It’s Time for the Church to Embrace the Oft-Ignored James 1:27 Spirit
Embraced – Official Trailer from Eyes of the Heart Films on Vimeo.
America doesn’t have orphanages; it has foster homes. And there is something that broke open in me when we became foster parents. When I would pray about the things I wanted to do for Jesus, this verse has meant so much to me: “Religion that is pure and undefiled before God, the Father, is this: to visit the fatherless and widows in their affliction and to keep oneself unstained by the world” (James 1:27).
But somehow, I didn’t really know its depth until we stepped out in faith to become an open home to children in distress. For the most part, children in the foster care system have some existing family. Some are not orphans and we work very hard to help reunify them with their families who are going through crisis and who need loving support while they get back on their feet.
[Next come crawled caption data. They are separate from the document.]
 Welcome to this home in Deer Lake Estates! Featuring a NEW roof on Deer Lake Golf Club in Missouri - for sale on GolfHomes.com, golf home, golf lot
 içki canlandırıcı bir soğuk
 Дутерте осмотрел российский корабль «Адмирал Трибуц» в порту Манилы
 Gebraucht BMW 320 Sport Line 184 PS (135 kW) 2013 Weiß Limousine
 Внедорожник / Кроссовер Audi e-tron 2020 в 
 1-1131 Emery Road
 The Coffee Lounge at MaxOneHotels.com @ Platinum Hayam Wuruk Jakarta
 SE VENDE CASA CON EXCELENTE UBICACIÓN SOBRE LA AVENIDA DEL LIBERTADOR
But within those “for the most part” children, they are so many that are emotionally left as orphans. Feeling rejected by their own or not valued enough by their own is as damaging and heartbreaking as not having living relatives at all. And then there are currently more than 100,000 children awaiting adoption within the United States foster care system who have been waiting to be adopted for years, with no one to permanently give them a family.
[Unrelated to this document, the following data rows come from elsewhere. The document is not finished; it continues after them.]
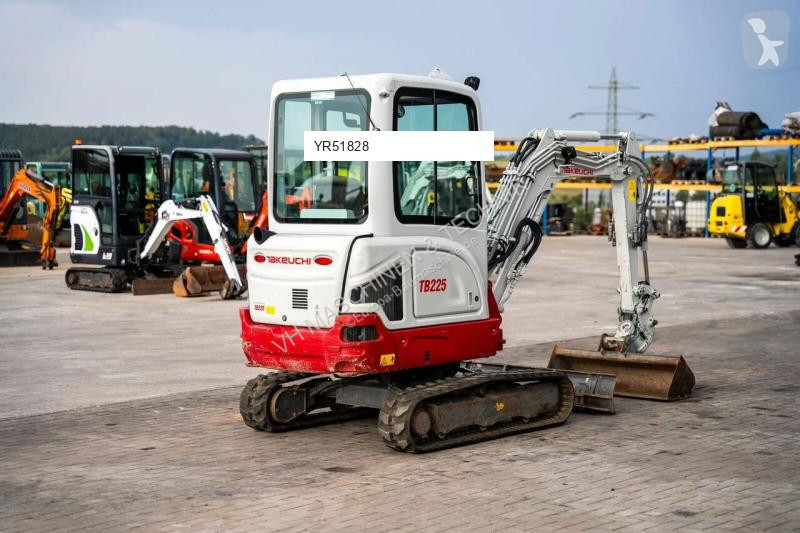 Rýpadlo Takeuchi TB225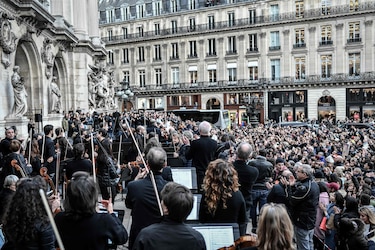 La Navidad se tiñe de huelga en Francia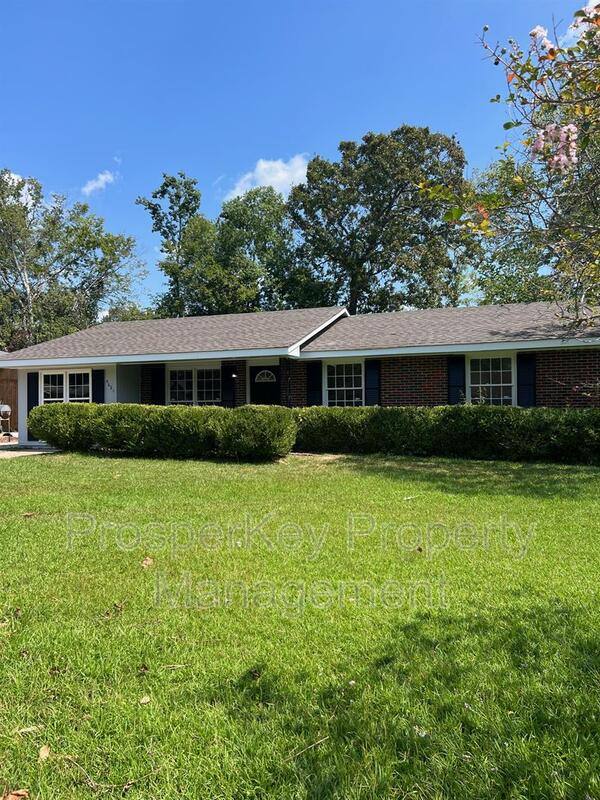 House for rent at 5021 Greensboro Court, Montgomery, AL 36108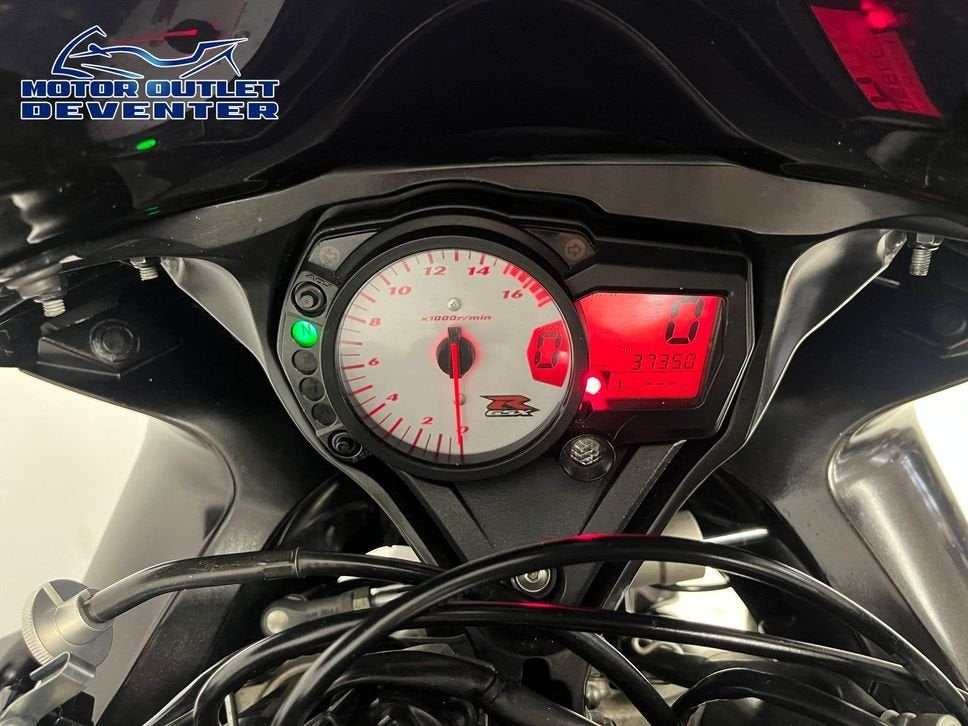 DIKKE SUZUKI GSX-R 750 GSXR 750 AKRAPOVIC (bj 2006), Motoren, 750 cc, SUZUKI, 4 cilinders, Motorrijbewijs A
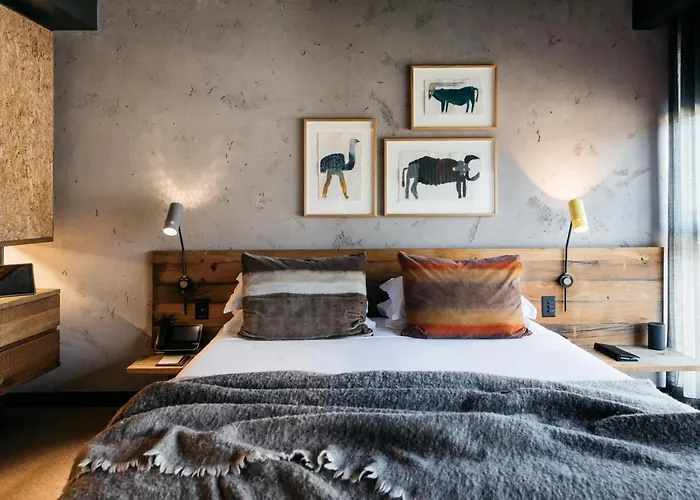 Ovolo Canberra, A Wyndham Hotel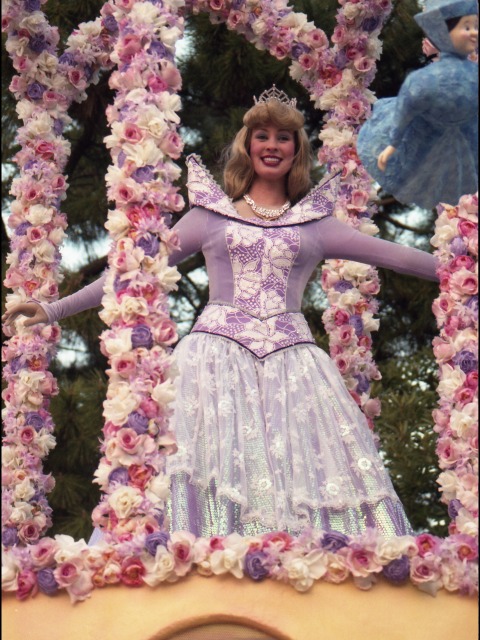 オーロラ(ディズニー・プリンセス・プロセッション“ブーケ・オブ・ラブ”)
The magnitude of this great need in our nation’s own backyard has gripped our hearts. What would it look like if everyone in the church adopted or supported the orphans in their own neighborhoods? My husband, Matthew, and I asked ourselves this same question before we were married.
We knew we wanted to live out what God the Father had done for us. God chose us, loved us and adopted us into His family through the gift of Jesus. He redeemed our past and showed us that we were created for His great purposes on this earth.
These children, in most cases, are lost and have no hope. They don’t have an invested parent to show them their identity and they don’t know what their place is in this world. Before Christ, we were all these children. And while we were lost in that place, God chose us—not because we were good or because He needed us. But He chose us because He loved us.
In the same way, we choose these children not because they are good or because we need another child. We choose them because we are called to love them and adopt them while they are in their struggle. Because Christ did the same for us.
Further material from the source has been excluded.